Panelists spent substantial time on Question 5 discussing what growers report in INMP summary tables, who calculates R (nitrogen removed), and how auditing should be handled.
Daniel Geisler and Ali Montazar reviewed example summary tables used by an East San Joaquin Valley coalition and noted the extensive per-field data being requested (irrigation methods, irrigation efficiency practices, applied nitrogen, yields, crop age, acres, and other entries). Panelists flagged ambiguities for multi-crop fields and urged adding soil texture/series to the form to improve interpretation of leaching risk.
Panelists debated whether coalitions or growers should calculate R. In the Central Valley coalitions typically calculate R from grower-reported yields and regional coefficients; on the Central Coast growers often do more of the calculation themselves. Michael Khan stressed the need for a clear narrative or process to document how A and R were computed so future audits are traceable: "It would be good to have information on what was the process in coming up with A," he said.

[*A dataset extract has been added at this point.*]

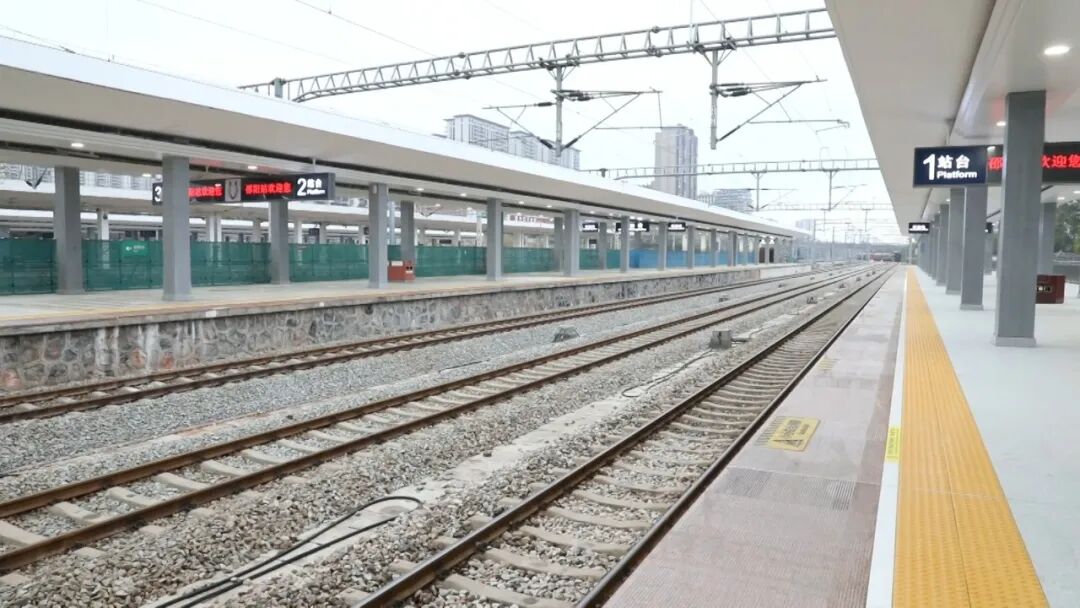 12站台开通上客邵阳站进入第三阶段施工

On auditing and QA/QC, the panel recommended a pragmatic approach: allow an initial learning period (staff and coalitions suggested two to three years) before instituting comprehensive audits, and have coalitions screen for outliers and contact growers about anomalous values. The panel cautioned against instantly publishing highly granular field-level data without consideration of privacy and practical implications.
Panel direction: staff will accept written edits and clarifications (requested by Dec. 1) and consolidate them for the next meeting, with the intent to standardize where feasible but preserve regional flexibility in summary templates.